**Try it**. From the first line of the records down to the one that holds "Ein moderner Loft", transcribe each line exactly and add nothing.

Records excerpted from a collection
···

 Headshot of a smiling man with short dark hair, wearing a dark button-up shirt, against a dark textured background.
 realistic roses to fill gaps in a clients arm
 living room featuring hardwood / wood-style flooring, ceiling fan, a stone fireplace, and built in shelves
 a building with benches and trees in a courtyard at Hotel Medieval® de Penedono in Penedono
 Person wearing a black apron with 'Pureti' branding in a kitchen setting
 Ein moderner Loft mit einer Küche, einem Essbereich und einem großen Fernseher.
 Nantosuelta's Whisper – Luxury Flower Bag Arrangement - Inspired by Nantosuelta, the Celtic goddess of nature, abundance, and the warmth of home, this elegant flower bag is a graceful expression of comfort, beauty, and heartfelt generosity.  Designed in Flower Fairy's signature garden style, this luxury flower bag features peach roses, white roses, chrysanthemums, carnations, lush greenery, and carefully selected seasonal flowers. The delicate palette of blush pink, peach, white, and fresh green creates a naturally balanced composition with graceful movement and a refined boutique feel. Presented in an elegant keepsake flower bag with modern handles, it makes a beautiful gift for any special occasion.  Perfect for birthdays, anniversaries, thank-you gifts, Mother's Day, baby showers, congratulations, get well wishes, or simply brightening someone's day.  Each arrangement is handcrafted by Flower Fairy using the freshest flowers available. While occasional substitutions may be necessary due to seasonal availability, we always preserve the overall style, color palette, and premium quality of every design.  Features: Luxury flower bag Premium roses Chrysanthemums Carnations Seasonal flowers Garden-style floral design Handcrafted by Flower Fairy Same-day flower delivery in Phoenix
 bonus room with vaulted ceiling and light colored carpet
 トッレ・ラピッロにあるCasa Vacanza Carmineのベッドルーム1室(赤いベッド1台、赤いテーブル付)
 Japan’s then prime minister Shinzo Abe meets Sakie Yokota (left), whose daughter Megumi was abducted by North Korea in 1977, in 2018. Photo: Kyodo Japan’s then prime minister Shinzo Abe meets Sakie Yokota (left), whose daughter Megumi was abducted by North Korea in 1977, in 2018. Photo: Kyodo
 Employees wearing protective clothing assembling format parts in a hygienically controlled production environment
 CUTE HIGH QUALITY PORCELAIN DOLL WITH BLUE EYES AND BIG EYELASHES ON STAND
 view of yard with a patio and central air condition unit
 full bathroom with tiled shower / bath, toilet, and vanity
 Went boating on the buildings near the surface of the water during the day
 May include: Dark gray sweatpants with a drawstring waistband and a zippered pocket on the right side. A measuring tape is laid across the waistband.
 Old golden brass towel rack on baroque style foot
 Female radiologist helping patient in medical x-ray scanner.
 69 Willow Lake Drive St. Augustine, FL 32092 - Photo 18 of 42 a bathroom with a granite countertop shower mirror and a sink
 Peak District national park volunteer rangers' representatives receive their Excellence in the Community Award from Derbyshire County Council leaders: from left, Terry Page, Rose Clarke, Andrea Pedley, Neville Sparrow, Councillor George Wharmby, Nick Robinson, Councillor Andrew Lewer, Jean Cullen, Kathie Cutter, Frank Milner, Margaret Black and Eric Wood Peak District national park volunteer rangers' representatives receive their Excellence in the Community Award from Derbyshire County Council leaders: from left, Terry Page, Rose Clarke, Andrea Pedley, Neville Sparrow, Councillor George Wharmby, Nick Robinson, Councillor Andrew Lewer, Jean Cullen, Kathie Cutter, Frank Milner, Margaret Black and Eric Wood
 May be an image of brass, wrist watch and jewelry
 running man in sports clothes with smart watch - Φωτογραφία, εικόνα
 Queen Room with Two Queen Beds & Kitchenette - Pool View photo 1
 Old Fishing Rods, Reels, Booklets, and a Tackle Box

···

**Answer to the problem**.
 Headshot of a smiling man with short dark hair, wearing a dark button-up shirt, against a dark textured background.
 realistic roses to fill gaps in a clients arm
 living room featuring hardwood / wood-style flooring, ceiling fan, a stone fireplace, and built in shelves
 a building with benches and trees in a courtyard at Hotel Medieval® de Penedono in Penedono
 Person wearing a black apron with 'Pureti' branding in a kitchen setting
 Ein moderner Loft mit einer Küche, einem Essbereich und einem großen Fernseher.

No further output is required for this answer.